My son is just getting into playgrounds. He’s still learning to walk, but he loves the swings and the slide and it’s a great place for him to practice walking because the surface is sand and not hardwood floor. We live about two blocks away from one.
We were on our way there this morning when I saw a woman up ahead push a stroller around the corner onto the street with the playground. I thought oh no someone else is going to be there and turned that stroller around tout de suite, like HOW ABOUT THIS OTHER STREET OK OTHER STREET.
After walking around the neighborhood a bit, I went back down the block toward the playground. Still there? Ok, turn this shit around.
I went back a third time and she was still there, for the love of god. I turned around, naturally. But a few steps later, I realized how ridiculous I was being, turned back yet again, and walked to the playground. Actually, it wasn’t even that I realized I was being ridiculous? It was that I thought about how this scenario would sound to a normal person if I described it out loud. That’s what got me to walk through that gate.

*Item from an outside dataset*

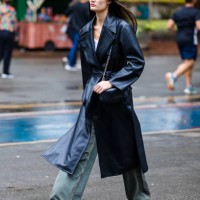 Guest wears black leather trench coat, white top, loose green wide-leg jeans, black sneakers, black crossbody bag with chain strap, minimalist style...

Cut to the two of us pushing our kids on the swings next to each other chatting about the neighborhood and other such horrors.
Of course she was very nice and I’m glad we met.
It’s just- I’m a capital-I introvert living somewhere near the border of social phobia, and now I’m suddenly experiencing it from the point of view of a parent. It’s a whole new world here and it includes this new terrifying social hellscape: the playground.